Ao tornar os “trópicos” um elemento de produção criativa, a linguagem específica da arquitectura terá, em alguns casos, contribuído para separar o processo de criação do contexto político em que as obras “tropicais” eram realizadas. O “tropical”, neste sentido, surge muitas vezes como eufemização do “colonial”. O mundo que o colonialismo mudou, por sua vez, só pode ser entendido na sua complexidade, a partir da análise das sociedades que ajudou a organizar, que influenciou e transformou, muitas vezes de forma dramática. Hoje, nos antigos impérios, alguns dos principais bloqueios a esta interpretação provêm da permanência de perspectivas pós-imperiais e nacionalistas que continuam a conceber a história à medida de uma gesta nacional. Tais perspectivas adquirem inúmeras formas, instalando-se inclusive no contexto da produção da história de actividades específicas, do futebol à arquitectura. África – Visões do Gabinete de Urbanização Colonial, exposição que esteve patente no Centro Cultural de Belém, é um bom exemplo da continuidade destes discursos.

Baseada na produção do Gabinete de Urbanização Colonial, instituição estatal criada em 1944 com o intuito de tratar do politicamente sensível problema do urbanismo, esta exposição, nas palavras de Ana Vaz Milheiro, curadora do evento, propõe um percurso por uma “paisagem africana desenhada (e reinventada) a partir do coração da Metrópole no período final da colonização portuguesa”. É evidente o interesse em revelar obras que até há pouco tempo eram marginalizadas pela história da arquitectura portuguesa. A exposição recupera o trabalho de inúmeros arquitectos que receberam encomendas do Gabinete, permitindo não apenas o exercício de revelação do desconhecido ou do pouco conhecido, mas a sua inserção na cronologia produzida pelo campo da arquitectura nacional. Estes “modernos tropicais” reforçam a narrativa do modernismo português do pós-guerra permitindo a historiadores da arquitectura encontrarem nas suas propostas a influência dos principais nomes do estilo internacional e dos seus princípios técnicos e criativos, citados abundantemente nos próprios edifícios. O trabalho de adaptação dos princípios modernos ao clima dos trópicos fez surgir novos e relevantes objectos urbanos.

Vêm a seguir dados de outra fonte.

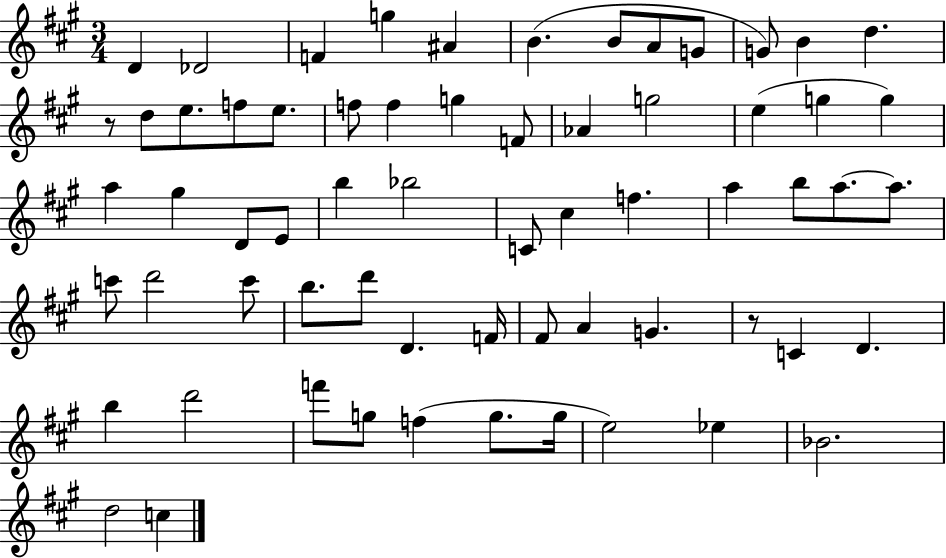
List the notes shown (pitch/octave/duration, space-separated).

D4/q Db4/h F4/q G5/q A#4/q B4/q. B4/e A4/e G4/e G4/e B4/q D5/q. R/e D5/e E5/e. F5/e E5/e. F5/e F5/q G5/q F4/e Ab4/q G5/h E5/q G5/q G5/q A5/q G#5/q D4/e E4/e B5/q Bb5/h C4/e C#5/q F5/q. A5/q B5/e A5/e. A5/e. C6/e D6/h C6/e B5/e. D6/e D4/q. F4/s F#4/e A4/q G4/q. R/e C4/q D4/q. B5/q D6/h F6/e G5/e F5/q G5/e. G5/s E5/h Eb5/q Bb4/h. D5/h C5/q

Mas estes percursos, dotados de autonomias criativas e lógicas próprias, são também um meio de contar a história do colonialismo português. No contexto de uma exposição como esta tal função podia ser concebida de inúmeras formas. No caso de Visões de África foi decidido que tal narrativa adotaria expressamente a perspetiva do colonizador. Tal opção foi ponderada por parte dos organizadores do evento: trata-se, ainda de acordo com o referido texto introdutório, “de uma retirada calculada dos estudos pós-coloniais convencionais, assumindo uma dimensão menos apaziguadora ou politicamente correcta.”

FG+SGFG+SG

Este olhar do colonizador está traduzido nas várias visões produzidas sobre a “África portuguesa” que a exposição do CCB nos revela. Estas são mediadas por projectos, desenhos, maquetes, por fotografias, mas também por outros elementos que demonstram mais diretamente quais os seus propósitos. No chão da Garagem Sul do CCB, ao pé dos artefactos da exposição, estão escritas algumas frases em letras verdes que ajudam o visitante a interpretar o contexto de produção das obras. Numa delas afirma-se a  intenção do Estado em defender, através do seu planeamento urbano, a constituição de “comunidades plurirraciais harmonicamente integradas e estáveis, tendo sempre presente o supremo objectivo nacional de simbiose racial e cultural”. Cabe a Adriano Moreira, antigo ministro do Ultramar no Estado Novo salazarista, num depoimento filmado e projectado numa parede da Garagem Sul, reafirmar a força desta representação da experiência do império português. Não se trata, afirma, de não reconhecer os excessos – a discriminação, o trabalho forçado – mas de assinalar com fervor patriótico a importância do que designa por “emergências”. As emergências foram o que de bom o “português” criou e deixou nos trópicos. O trabalho de arquitectos e urbanistas, continuou, faz parte desta herança que importa celebrar.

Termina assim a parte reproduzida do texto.